# 03 — Feature Engineering & Model Judgment

## Why this notebook exists
Notebook 2 established a strong baseline using a production-style preprocessing pipeline + logistic regression.

In this notebook we:
1. Create **interpretable engineered features** that reflect real customer behavior
2. Re-train the baseline model using these features
3. Compare against a simple tree-based model to understand the tradeoff between:
   - performance
   - interpretability
   - stability

**Goal:** improve ranking quality and decision usefulness — not chase marginal metric gains.

In [1]:
# Core
import numpy as np
import pandas as pd

# Modeling
from sklearn.model_selection import train_test_split
from sklearn.pipeline import Pipeline
from sklearn.compose import ColumnTransformer

# Preprocessing
from sklearn.impute import SimpleImputer
from sklearn.preprocessing import StandardScaler, OneHotEncoder

# Models
from sklearn.linear_model import LogisticRegression
from sklearn.ensemble import RandomForestClassifier

# Metrics
from sklearn.metrics import roc_auc_score, average_precision_score

## Load Data

This notebook is intentionally self-contained.  
We reload the cleaned dataset used in Notebook 2 so the workflow can be rerun from top to bottom without relying on previous notebooks.

In [6]:
from pathlib import Path
import pandas as pd

DATA_PATH = Path("..") / "data" / "raw" / "churn.csv"
df = pd.read_csv(DATA_PATH)

print(df.shape, df.columns[:10])

(7043, 50) Index(['CustomerID', 'Gender', 'Age', 'Under30', 'SeniorCitizen', 'Married',
       'Dependents', 'NumberofDependents', 'Country', 'State'],
      dtype='object')


## Define Target and Feature Matrix

We separate the churn outcome variable from the feature set so that
feature engineering, preprocessing, and modeling steps remain clean,
explicit, and reproducible.

In [10]:
TARGET_COL = "ChurnCategory"

df[TARGET_COL].value_counts(dropna=False).head(10)

ChurnCategory
NaN                5174
Competitor          841
Attitude            314
Dissatisfaction     303
Price               211
Other               200
Name: count, dtype: int64

## Define Binary Churn Target

`ChurnCategory` contains detailed churn reasons for customers who left,
and is missing (`NaN`) for customers who stayed.
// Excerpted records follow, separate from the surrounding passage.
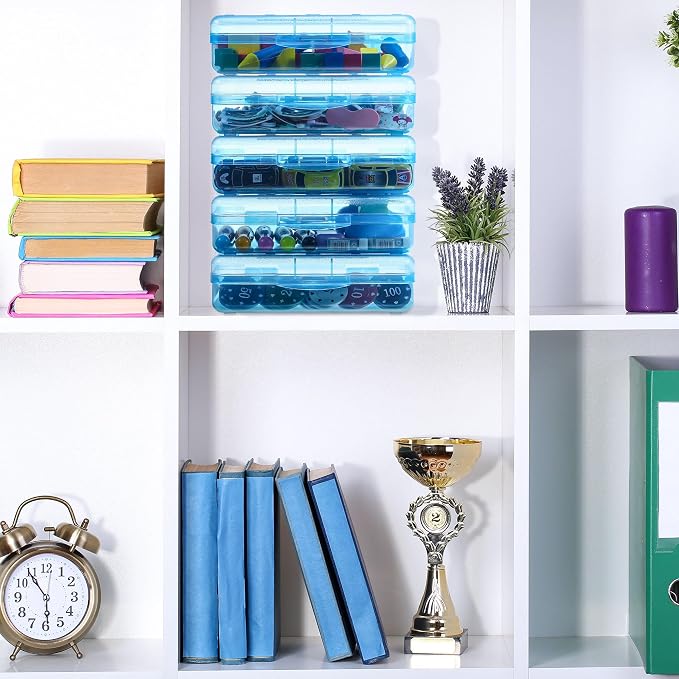 Leelosp 12 Pack Clear Pencil Boxes for School Bulk, Large Plastic Pencil Case with Lid, Stackable Hard Crayon Storage Box for Classroom Kids, Desk Drawer Organizer for Office Home(Blue) - Image 6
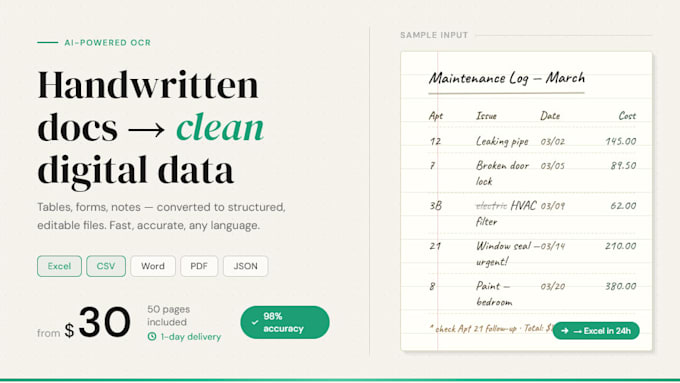 convert handwritten tables and documents to excel, word or PDF using ai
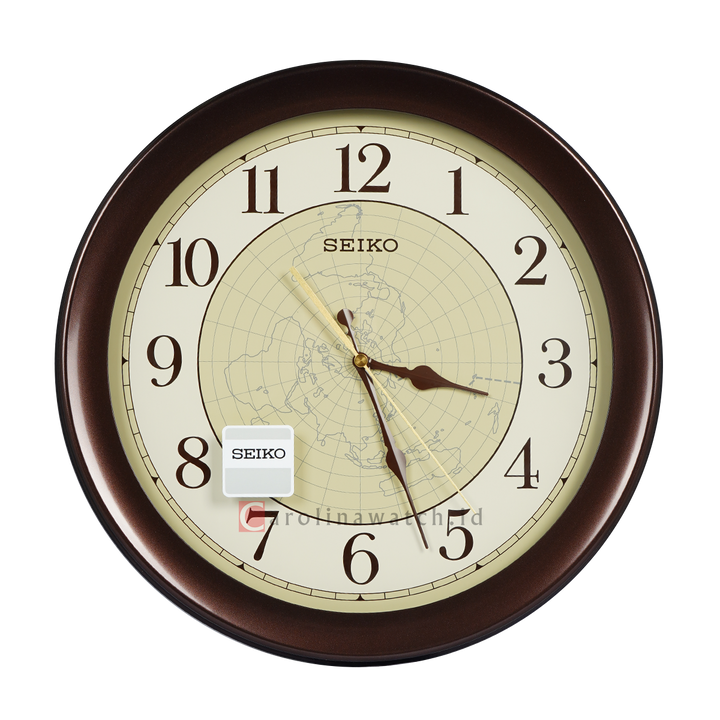 Jam Dinding SEIKO Analog QXA709B Metallic Brown Color Gold Dial Decorator Wall Clock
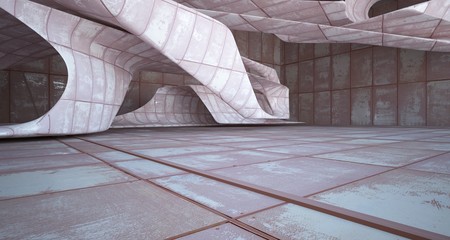 Empty smooth abstract room interior of sheets rusted metal. Architectural background. 3D illustration and rendering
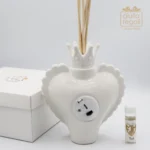 Profumatore Cuore Sacro con Luce Led bianco in porcellana - immagine 3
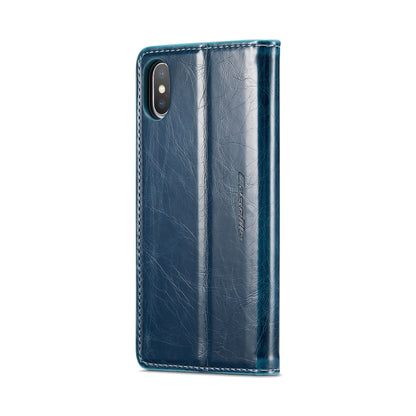 For iPhone XS CaseMe 003 Crazy Horse Texture Leather Phone Case(Blue) - More iPhone Cases by CaseMe | Online Shopping UK | buy2fix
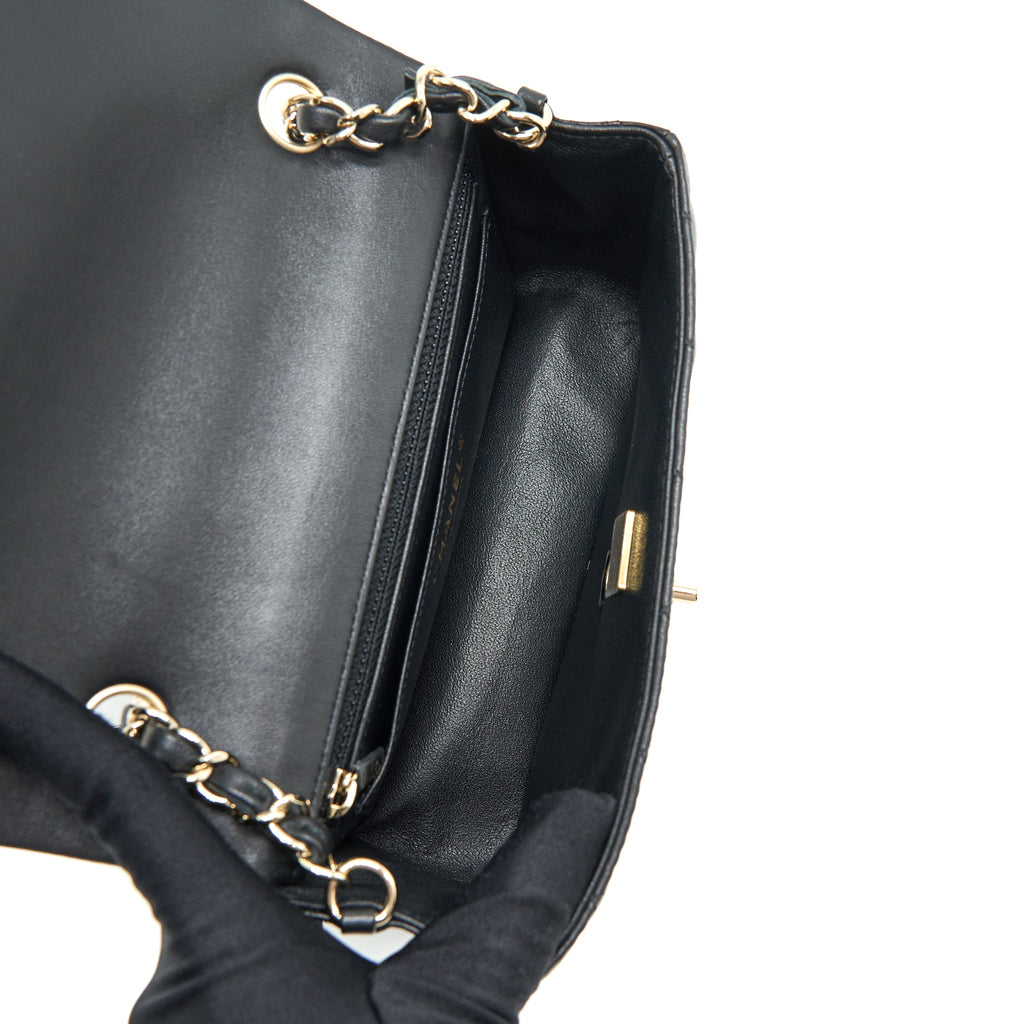 CHANEL MINI RECTANGULAR FLAP BAG LAMBSKIN LGHW(MICROCHIP)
For churn modeling, we define a binary target:
- `1` = customer churned (any churn reason)
- `0` = customer did not churn

This formulation aligns with the business objective of identifying
customers at risk of leaving.

In [11]:
TARGET_COL = "ChurnCategory"

y = df[TARGET_COL].notna().astype(int)
X = df.drop(columns=[TARGET_COL])

y.value_counts(), y.mean()

(ChurnCategory
 0    5174
 1    1869
 Name: count, dtype: int64,
 np.float64(0.2653698707936959))

## Feature Engineering Plan

The baseline model in Notebook 2 treated all features in their raw form.
In practice, customer behavior is often **non-linear** and better captured through
simple, interpretable transformations.

In this notebook, we engineer a small number of features guided by business intuition:

1. **Tenure Buckets**
   - Customers churn differently early vs late in their lifecycle
   - Bucketing tenure captures this non-linearity while remaining explainable

2. **Spending Intensity**
   - Total spend alone ignores how quickly revenue is generated
   - A spend-per-tenure ratio helps capture customer value dynamics

These features are designed to:
- Improve ranking quality
- Preserve interpretability
- Support downstream decision-making

In [12]:
# Make a copy so we don't mutate the original feature set
X_fe = X.copy()

# Tenure Buckets (non-linear lifecycle effects)
X_fe["tenure_bucket"] = pd.cut(
    X_fe["TenureinMonths"],
    bins=[0, 12, 24, 48, 72, np.inf],
    labels=["0-1yr", "1-2yr", "2-4yr", "4-6yr", "6yr+"]
)

# Spending Intensity (value over time)
X_fe["charges_per_tenure"] = X_fe["TotalCharges"] / (X_fe["TenureinMonths"] + 1)


## Train / Test Split

We split the dataset into training and test sets using a stratified split
to ensure the churn rate remains consistent across both sets.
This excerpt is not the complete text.